Appropriately, NEP places great emphasis on the "appearance and conduct" of its interviewers. Its training manual instructs: "Your appearance can influence a voter’s decision to participate in the survey. Therefore, please dress appropriately…Please wear clean, conservative, neat clothing and comfortable shoes (clean sneakers are acceptable). But, please, NO JEANS and NO T-SHIRTS."

3) The exit polls can correct for skews in race, gender and reduce skews in age caused by refusals. This is a unique aspect of exit polling: The interviewers note the gender, race and approximate age of those who refuse their request for an interview. At the end of the day, the exit pollsters can use this data to correct for non-response bias. So you can correct for non-response bias in gender, race and approximate age, but obviously not for vote preference.

However, one hedge on all this: In writing about these issues, I realize that NEP and its forerunner VNS have disclosed very little about the timing of the various weighting and statistical corrections that they do. I know they collect hard turnout counts in their late afternoon and just-before-poll closing reports, and I know they use this actual turnout data to weight the results released late on Election Day. I know that when all the dust clears, they can weight to correct the data for demographic non-response at the precinct level, to match precinct level vote preference to the actual count, and to similarly weight to correct the vote regionally and statewide. What I cannot confirm is when all of this happens: gradually on election night or in one big procedure after midnight? And does some additional adjustment occur in the days and weeks that follow?

Here is one more wrinkle I overlooked in my initial reading. In 1996 (according to Merkle and Edelman, 2000), VNS had it’s interviewers call in only half of the data collected on Election Day:

During each call, the interviewer reported the vote and non-response tallies and read in the question-by-question responses from a subsample of the questionnaires. This subsampling is carried out so that we can use the responses from the vote questions from the full sample in each precinct (i.e. the 100 interviews) for the projection models without having to spend interviewer and operator time reading in each questionnaire. In 1996, 70,119 of the 147,081 questionnaires were subsampled, and the data for all questions were read into our system.

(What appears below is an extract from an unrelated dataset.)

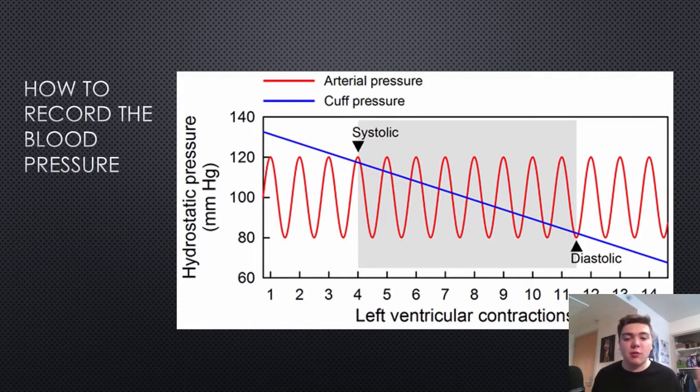This is a graph of what the computer sees through the process. The red line is the arterial pressure — that's your blood pressure — and the blue line is the cuff pressure. Up here, the pressure of the cuff is much higher than the arterial pressure, exceeding it, so there's no change in the sensor. Down here, this is the first time that the arterial pressure exceeds the cuff pressure, so the computer knows this is the highest amount of pressure in the blood — your systolic pressure.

I noticed that Warren Mitofsky told the News Hour that NEP interviewed "almost 150,000 people nationwide on Election Day," but that the MIT/Cal Tech report that counted up the sample sizes posted on CNN just after the election counted 76,000 respondents when they "summed up the number of observations reported for each state poll" by CNN a few days after the election (see footnote #3). Looks to me like the half sampling procedure continued.

So I wonder: If this procedure was repeated this year, did the half sample include gender, age, race? Were the numbers that appeared on CNN.com since Election Day weighted to correct non-response?

I’m assuming the answer to both questions is yes, but we really do not know for certain. As a student of survey research, I would certainly like to learn more. Given that these data are paid for by news media outlets and released into the public domain, we really should know more.

Source:

Merkle, Daniel M. and Murray Edelman (2000). "A Review of the 1996 Voter New Service Exit Polls from a Total Survey Error Perspective." In Election Polls, the News Media and Democracy, ed. P.J. Lavrakas, M.W. Traugott, pp. 68-92. New York: Chatam House.

Mark Blumenthal

Mark Blumenthal is the principal at MysteryPollster, LLC. With decades of experience in polling using traditional and innovative online methods, he is uniquely positioned to advise survey researchers, progressive organizations and candidates and the public at-large on how to adapt to polling’s ongoing reinvention. He was previously head of election polling at SurveyMonkey, senior polling editor for The Huffington Post, co-founder of Pollster.com and a long-time campaign consultant who conducted and analyzed political polls and focus groups for Democratic party candidates.